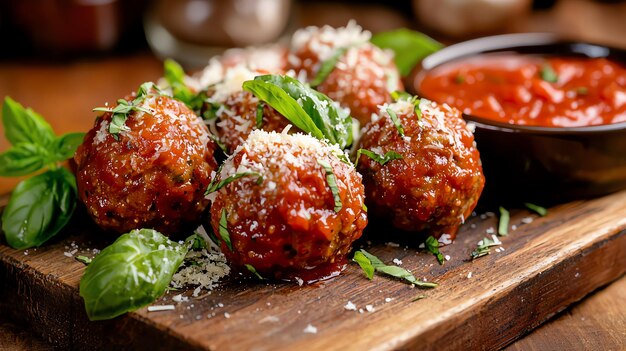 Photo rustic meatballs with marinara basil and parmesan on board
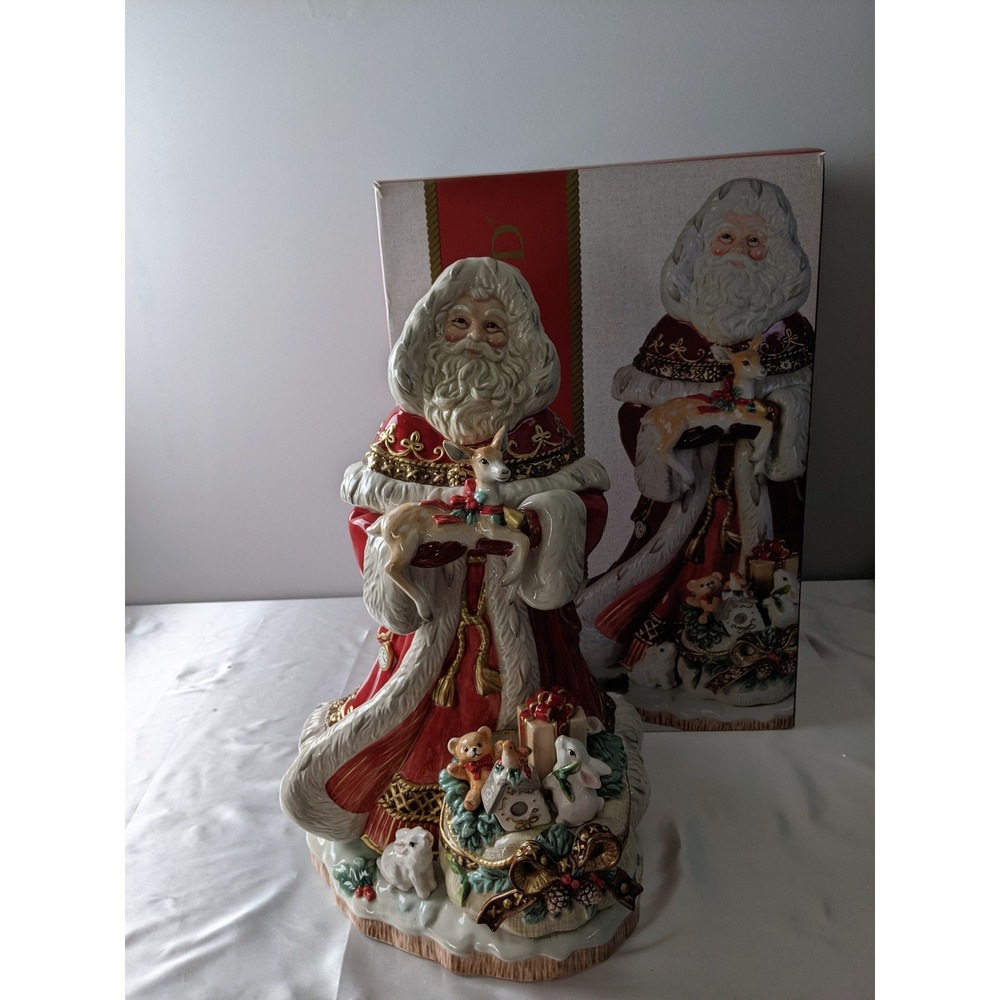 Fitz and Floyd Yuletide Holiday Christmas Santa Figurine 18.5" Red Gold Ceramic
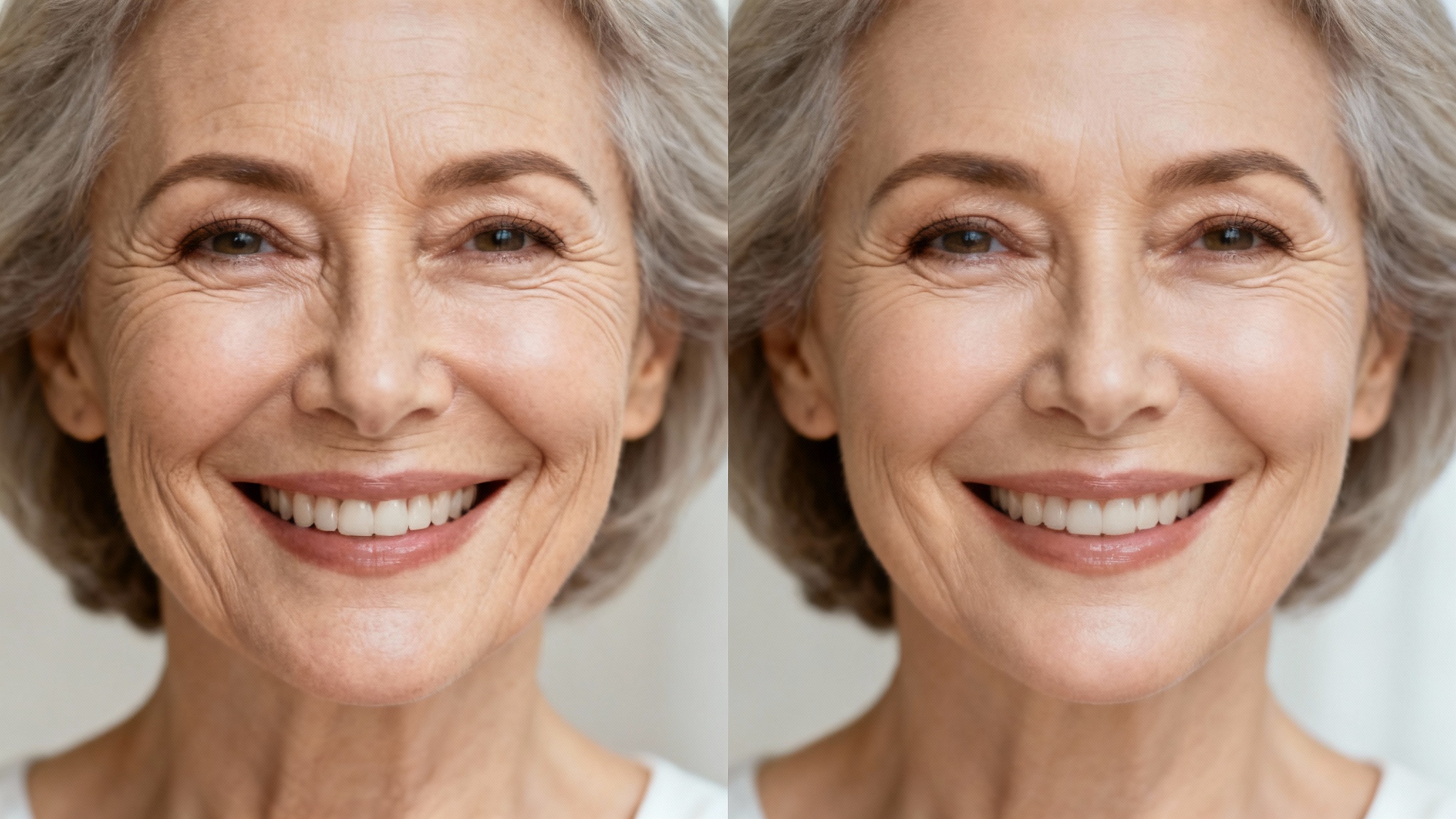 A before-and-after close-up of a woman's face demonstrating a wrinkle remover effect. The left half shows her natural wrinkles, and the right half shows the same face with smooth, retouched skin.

#####

_WORK TO BE COMPLETED_:
Could you reproduce the listing above word for word while leaving out its pictures?

_RESPONSE TO THIS EXERCISE_:
 Photo rustic meatballs with marinara basil and parmesan on board
 Fitz and Floyd Yuletide Holiday Christmas Santa Figurine 18.5" Red Gold Ceramic
 A before-and-after close-up of a woman's face demonstrating a wrinkle remover effect. The left half shows her natural wrinkles, and the right half shows the same face with smooth, retouched skin.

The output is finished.